Captioned web images:
......

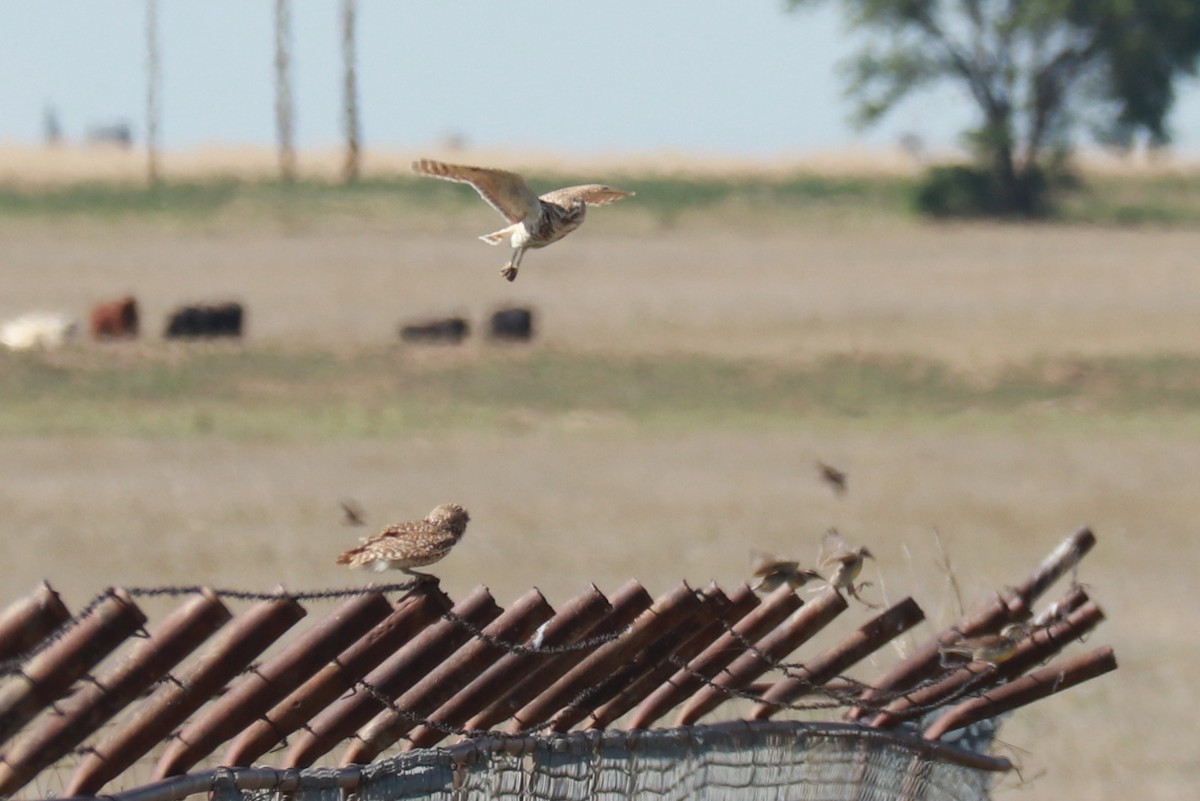 Burrowing Owl - ML621084274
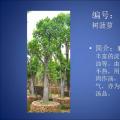 大树菠萝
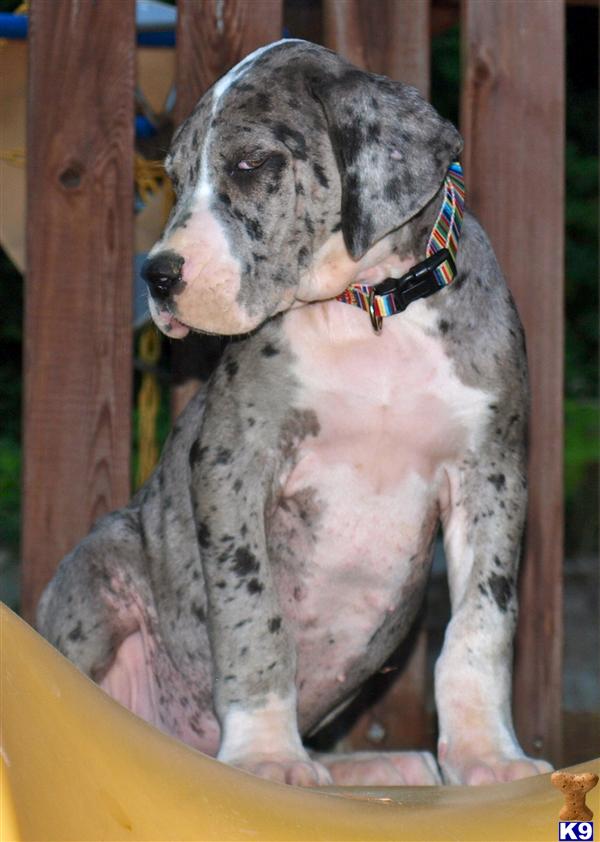 Great Dane Puppy for Sale 2 Beautiful merle females available 13 Years old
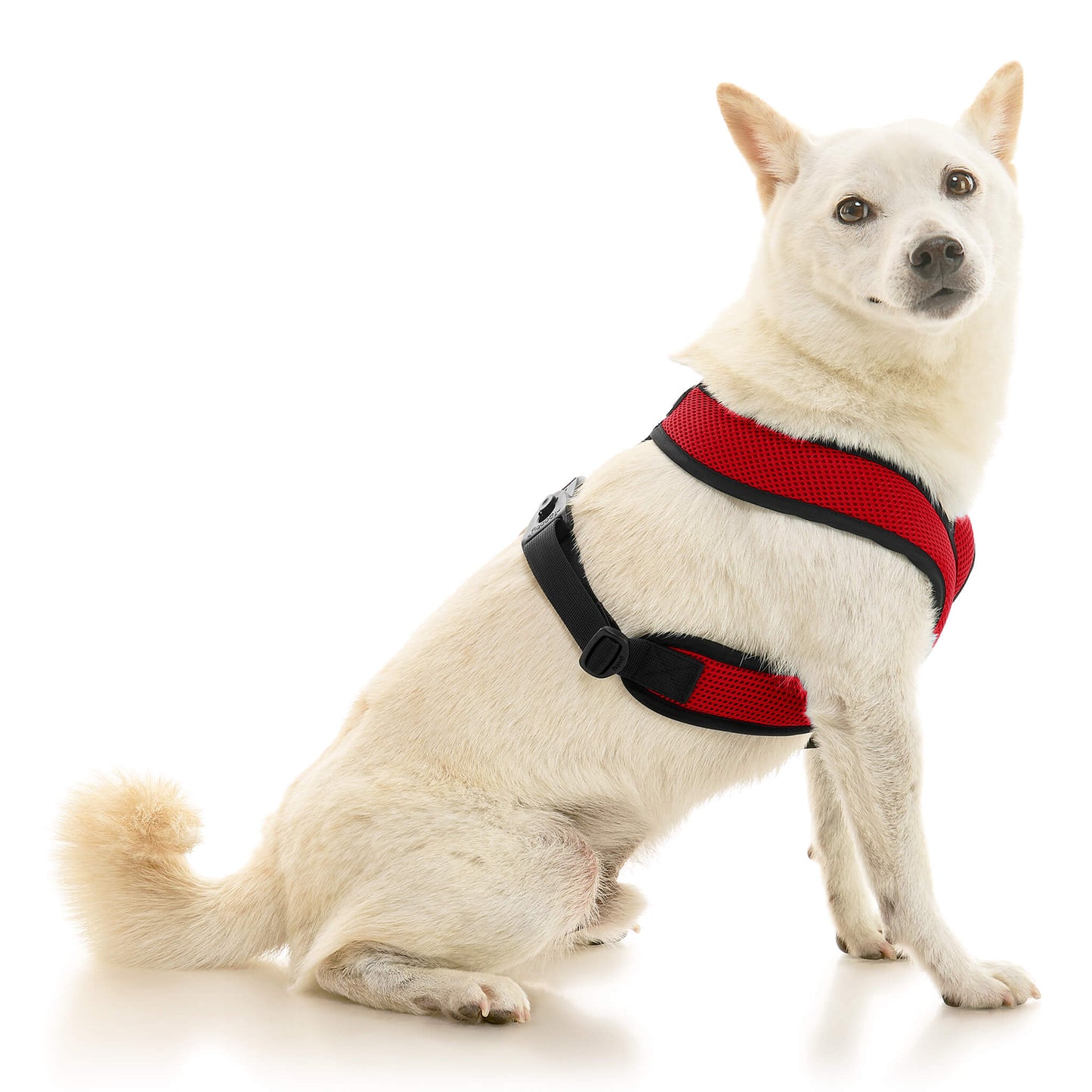 Comfort X Dual Snap Mesh Harness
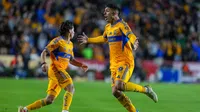 ¿Por qué Tigres realizó mediciones físicas?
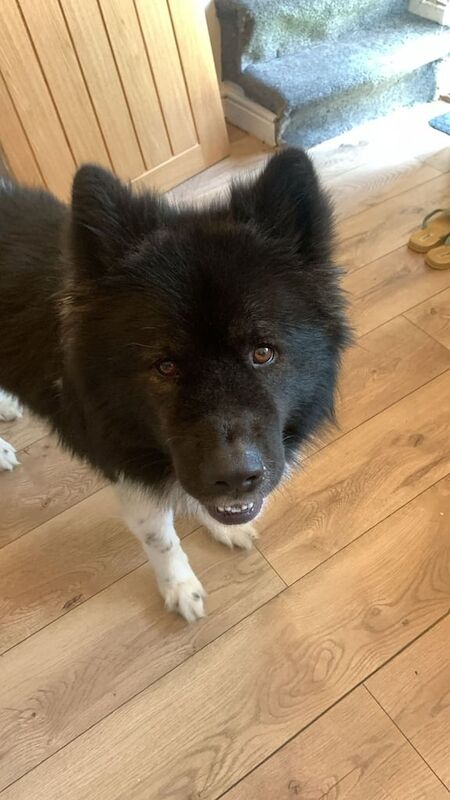 Alaskan Malamute puppies for sale in Oldham, Greater Manchester – 4 years old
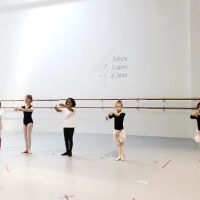 Ashburn Academy of Dance ico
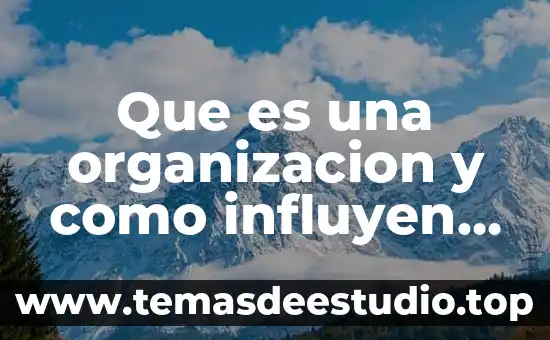 Que es la organizacion cepal 4 Que es una organizacion y como influyen en los acuerdos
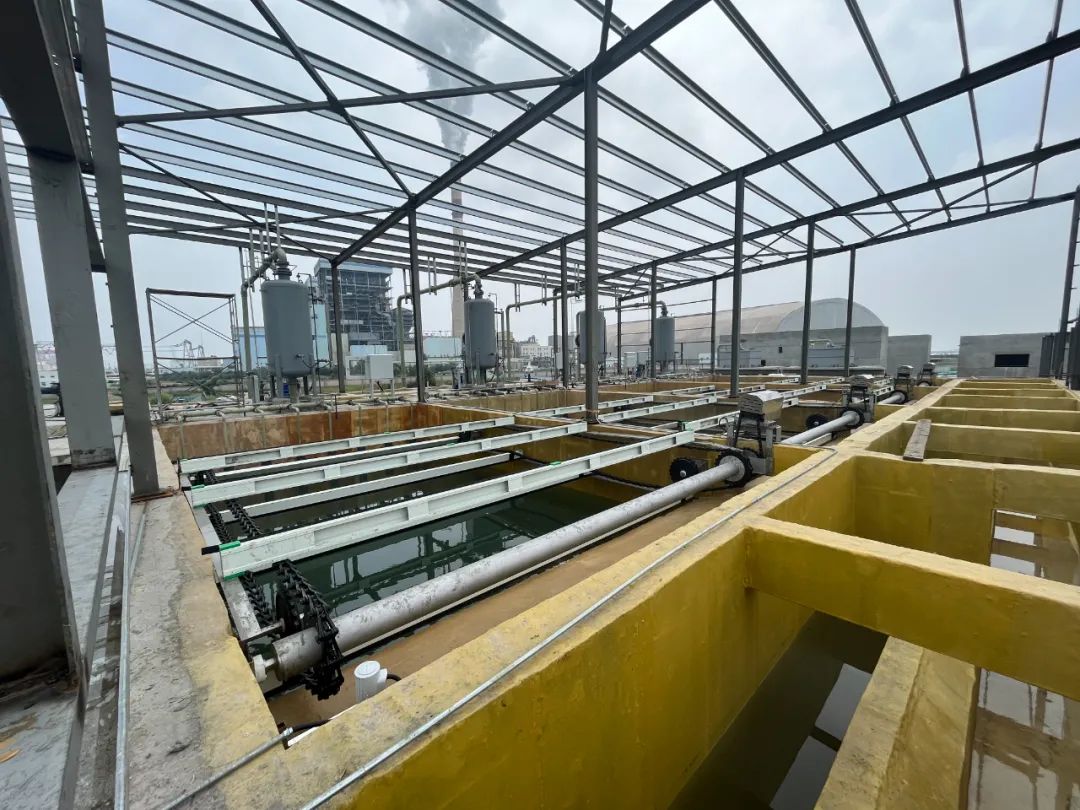 望变电气(603191.SH)：同意选举胡守天为第四届董事会副董事长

......

[Prompt] Please give again only the lines from the one containing "realizó mediciones físicas?" through the last line of the entries above, exactly as they stand and without pictures.

[Solution for this problem]
 ¿Por qué Tigres realizó mediciones físicas?
 Alaskan Malamute puppies for sale in Oldham, Greater Manchester – 4 years old
 Ashburn Academy of Dance ico
 Que es la organizacion cepal 4 Que es una organizacion y como influyen en los acuerdos
 望变电气(603191.SH)：同意选举胡守天为第四届董事会副董事长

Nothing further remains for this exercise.